Aspen/Pitkin County Airport was named the winner among small commercial airports with fewer than 100,000 operations annually. Aspen/Pitkin County Airport has a seasonal peak of 40 daily flights to nearly every major hub west of Atlanta, and is one of the busiest corporate jet airports during the winter and summer holidays. The airport has 39 trained snow-removal employees operating 24 pieces of specialized airside and landside equipment. Aspen receives an average of 150in of snow annually, and is the closest airport to a ski slope in all of North America.
“We have a lean and very responsive team of highly dedicated employees – it’s so exciting for them to be recognized nationally by their peers,” said John Kinney, airport director for Aspen/Pitkin County. “Also, having three Colorado airports receive this award speaks well to our state’s systems approach to keeping these public utilities – airports – safe and open during snow events. We exchange nearly half a million passengers between DEN, Centennial and Aspen annually. They are part of our success in Aspen as well.”

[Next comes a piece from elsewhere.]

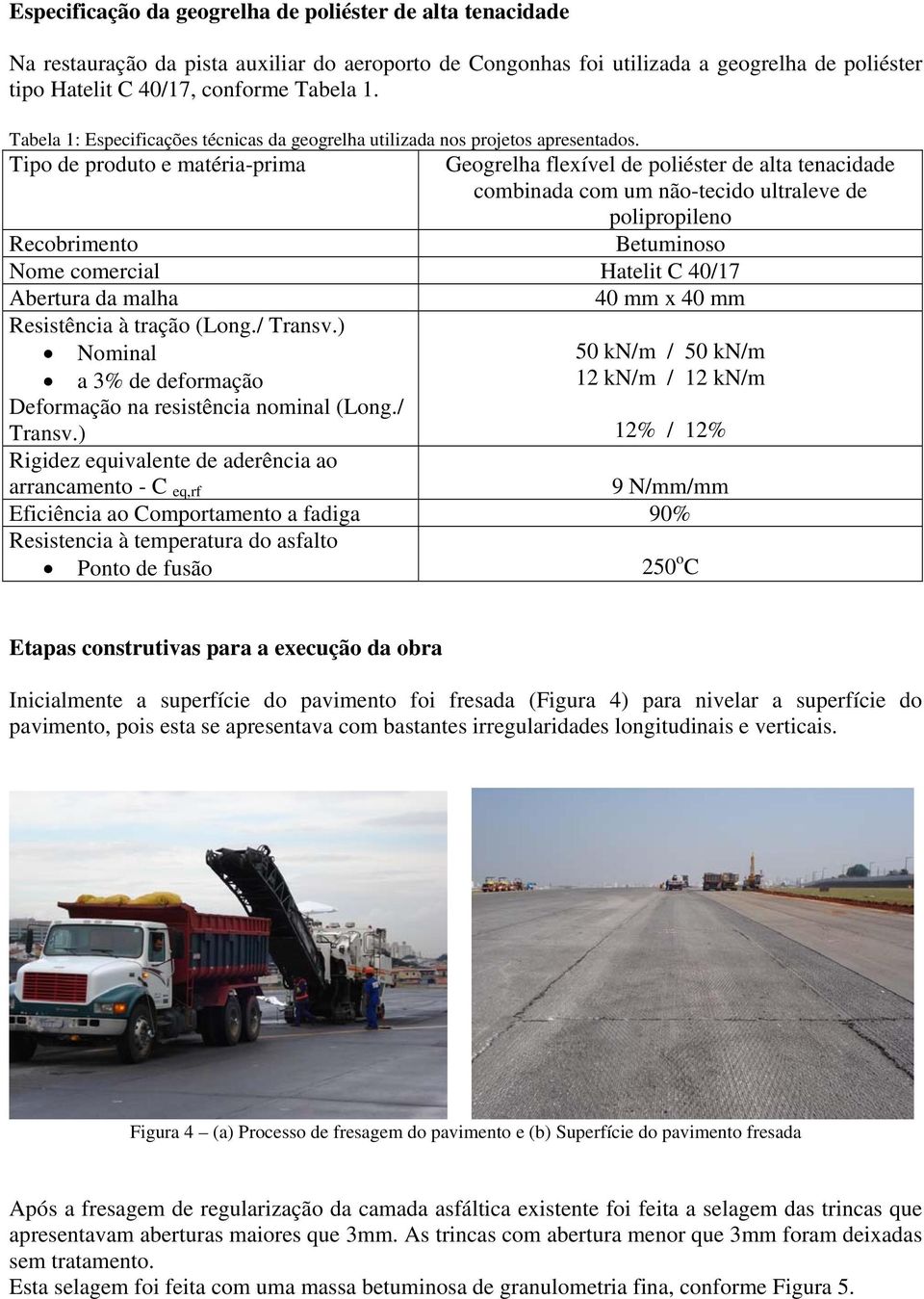 Tipo de produto e matéria-prima Geogrelha flexível de poliéster de alta tenacidade combinada com um não-tecido ultraleve de polipropileno Recobrimento Betuminoso Nome comercial Hatelit C 40/17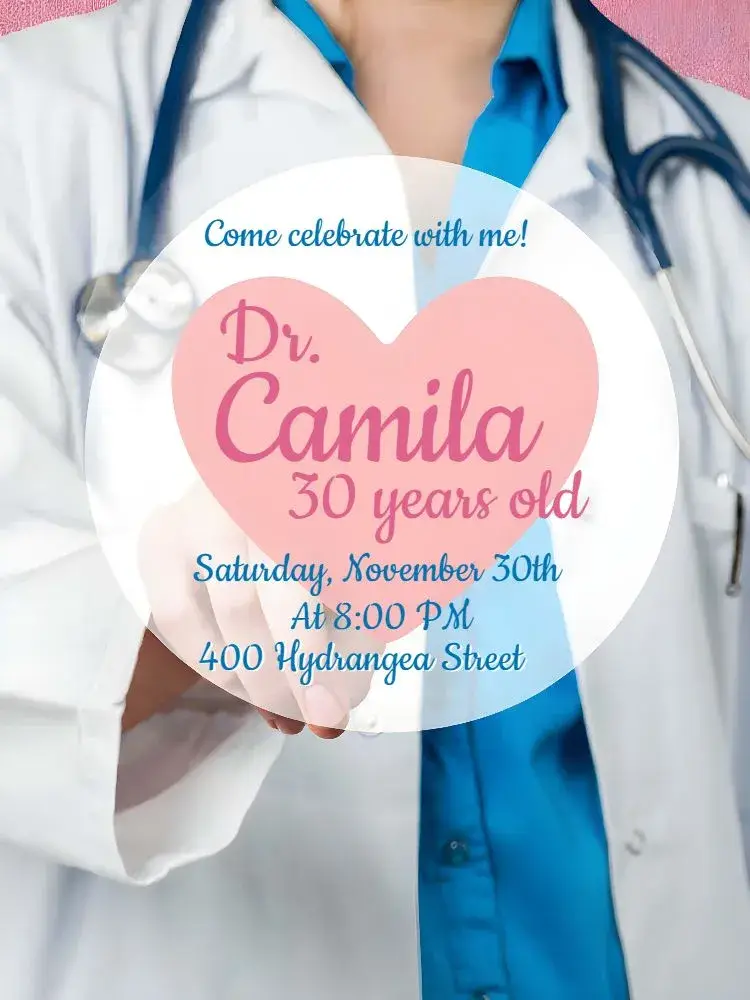 Invite Blue Doctor editable and customizable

Centennial Airport, located in Englewood, Colorado, was the winner in the large general aviation airport category. With more than 300,000 operations each year, Centennial Airport is the second busiest general aviation airport in the USA, and a 14-time winner of the Balchen/Post. Centennial Airport typically does not close runways for plowing, but rather, plows in between take-offs and landings.
“With higher than average snowfall, this has been a particularly challenging winter for Centennial Airport,” said assistant airport director Lorie Hinton. “A great deal of the credit for this award goes to our dedicated maintenance and operations personnel who commit to some pretty long hours, ensuring the airport stays open for everyone – including our many critical medevac operations. Each time we see an aircraft depart or land during a storm, we feel a great sense of pride knowing we helped make that possible.”